The common was also used to graze horses and droving cattle, and locals will still spell the odd horse among its dunes.
But the common is also put to more contemporary use by the likes of Zara and Tully Burke. The siblings, nine and six respectively, live on the outskirts of town. For them the common is a sprawling back yard. Most weekends you’ll find them riding dirt bikes around barrels and pegs staked out amid the saltbush, which suits mum, Courtney Thomas.
“The wildflowers are beautiful on the town common at the moment, the sand dunes are covered in poached egg daisies and annual yellowtops,” she says. “It’s very lovely living on the fringe of town.”
Today the town common is ostensibly managed by the Diamantina Shire council.
But senior lecturer in geography and planning at Macquarie University, Miriam Williams, says the idea of commons is largely defined by how a space is used and by the people who “common it”.
Land owned privately or by the state, from roadside verges to sports fields to old churches, can and do become commons. The ancient idea, she says, is gaining contemporary traction in the contemporary world.
“There is something really appealing about the idea of commons and commoning,” she says.
“Because it is not about individual wealth, it is actually about our collective wealth and our collective wellbeing and that, the benefit of a property, is shared amongst our community.”
Tyson Yunkaporta, senior lecturer of Indigenous knowledges at Deakin University, says that while the Birdsville common was born from European settler custom, its modern use has some echoes of earlier lore.
“We have areas where we care for each other and we have common areas for ceremony, even between different tribes,” the Aboriginal author and academic says.
“Birdsville races could be seen as a ceremony and a ritual.”
His partner, Megan Kelleher, whose PhD is exploring block chain and Indigenous knowledge systems, is quick to point out the differences.
There is not “the totemically assigned obligation” to care for country that helped Indigenous people avoid what European scholars would name the tragedy of the commons, nor “the deep knowledge of seasonality” accumulated over tens of thousands of years of continual occupation.
“Give them a minute, they’re evolving!” Yunkaporta counters. “They’ve only had 200 years.”
And the Birdsville common continues to change.

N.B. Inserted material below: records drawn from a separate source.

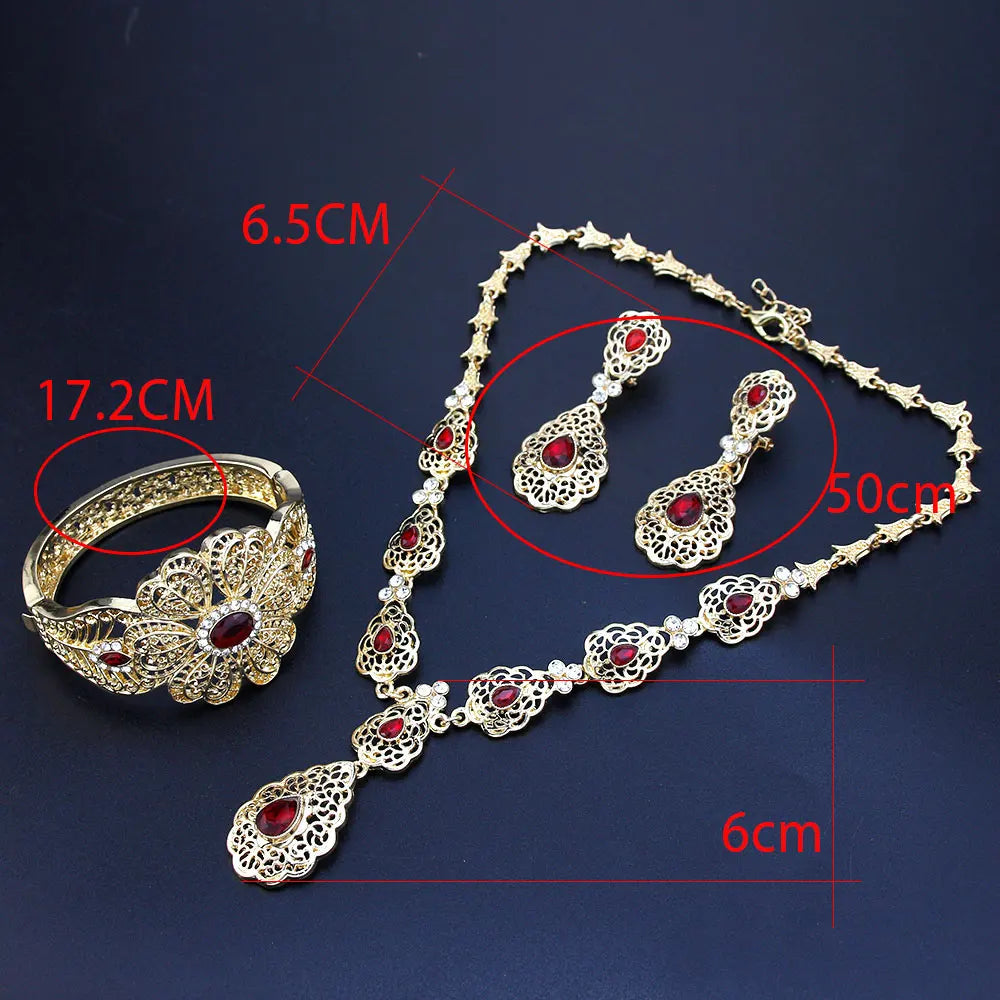 Sunspicems Morocco Bride Jewelry Sets Hollow Flower Women Earring Necklace Bracelet Water Drop Crystal Arabic Wedding Necklace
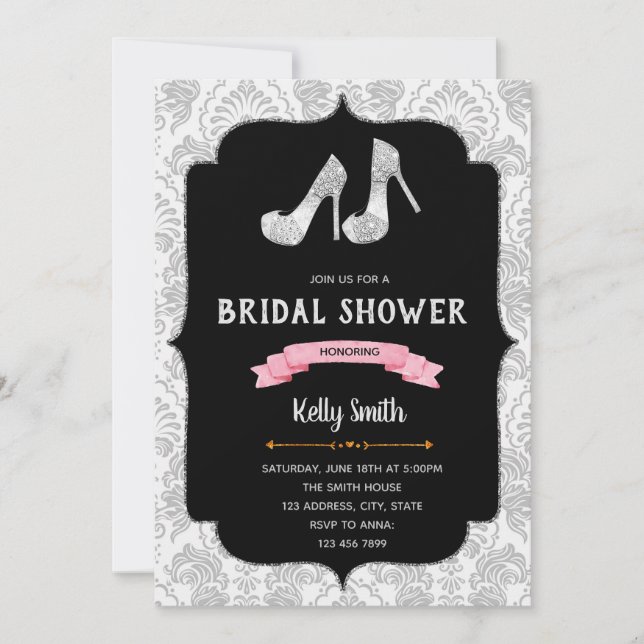 Shoes bridal shower theme invitation (Front)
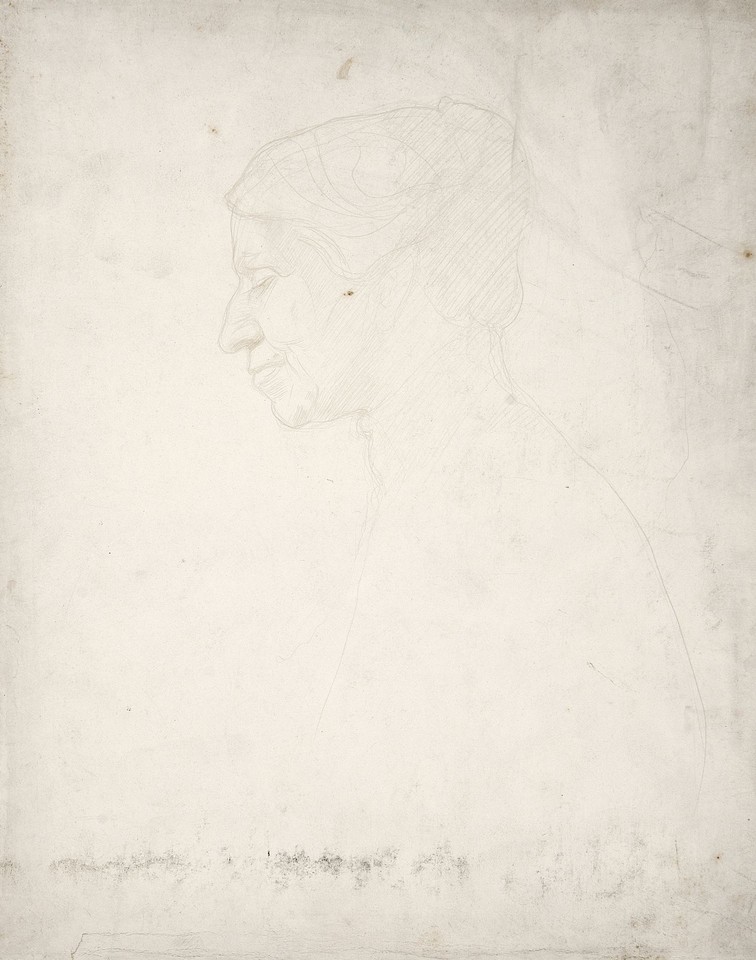 Portrait head study of unidentified woman in profile Image 1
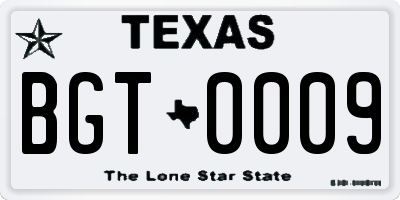 TX license plate BGT0009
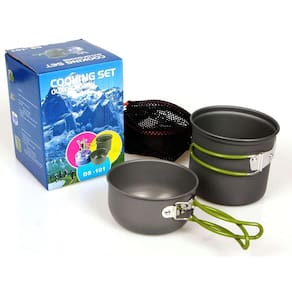 Kit Panelas Camping Aluminio Portatil Para Acampamento Viagem Pesca Outdoor Com Alça Retratil Bolsa
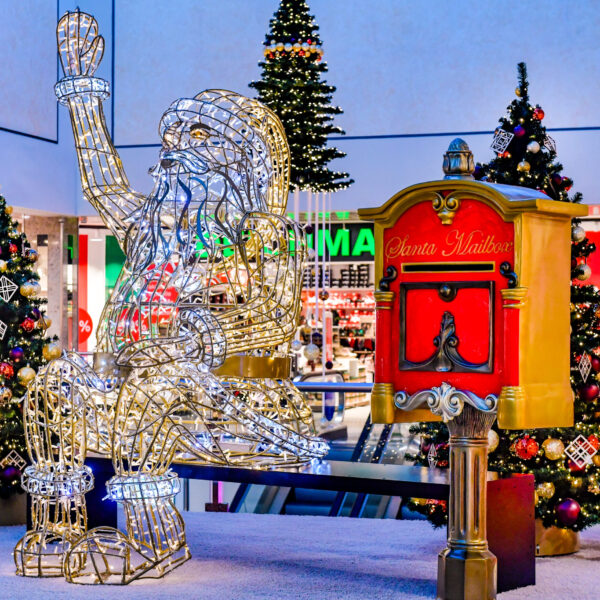 santa light sculpture and fibreglass post box prop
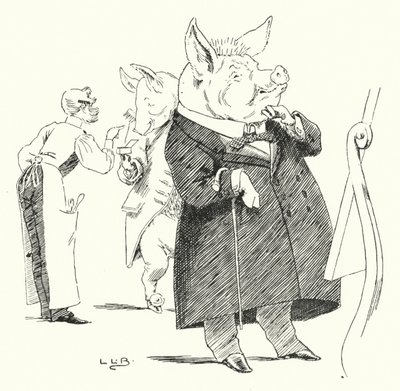 Barber, barber, barber en gris; hvor mange hår vil lave en paryk? (gravering) af Leonard Leslie Brooke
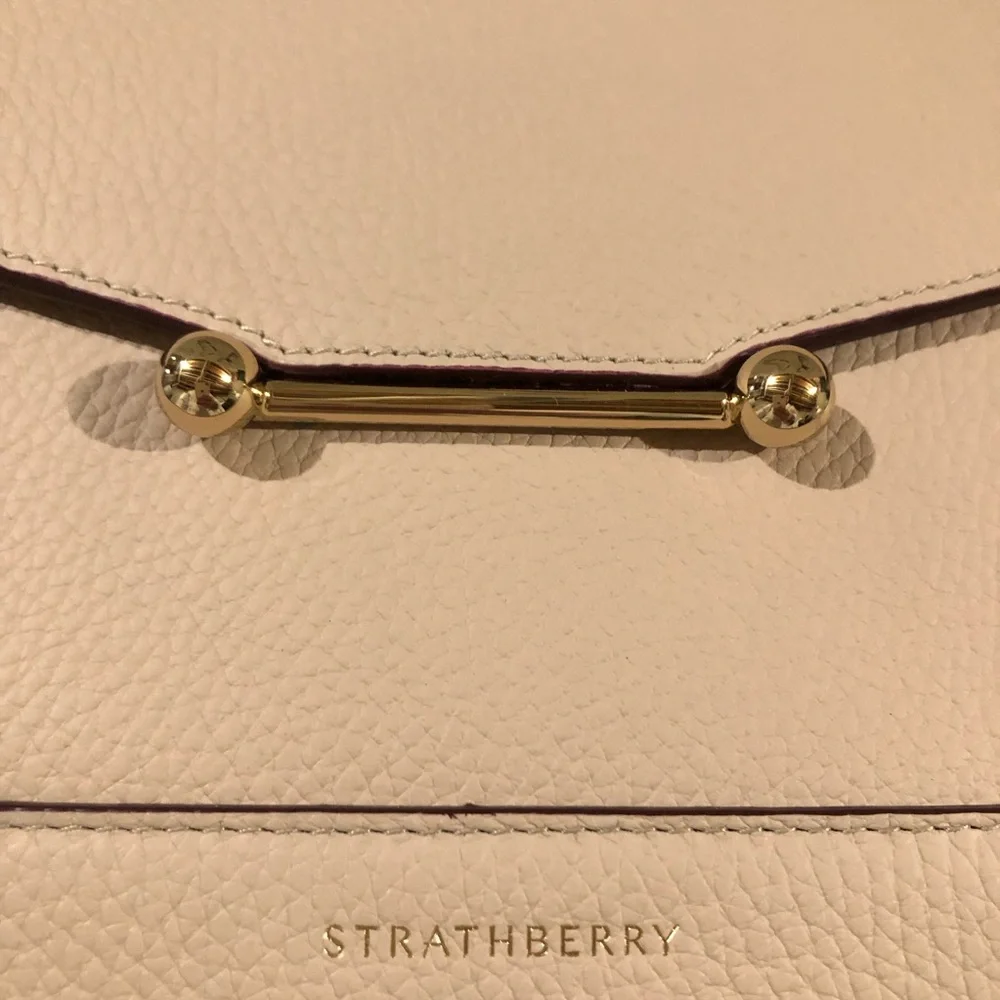 Strathberry Calf Leather Mosaic Top Handle Crossbody Bag in Oat Gold Hadware NWT - Picture 14 of 16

Gone is the era of the goat. Don Rowlands’ mother-in-law had the last herd, back in the 1970s.
On race weekend, it’s first in best dressed for campers. Some people turn up weeks in advance to get a prime spot on the river.
Council installs rubbish skips and shower blocks temporarily, while an environmental levee added to the races tickets goes towards looking after the common.
And once the crowd deserts the desert, the common remains a place to wander freely and to roll a swag by the banks of the Diamantina.
“Anyone travelling through can rest in this common for a few days before putting back on the track,” Rowlands says.
“It’s just available for anyone and everyone.”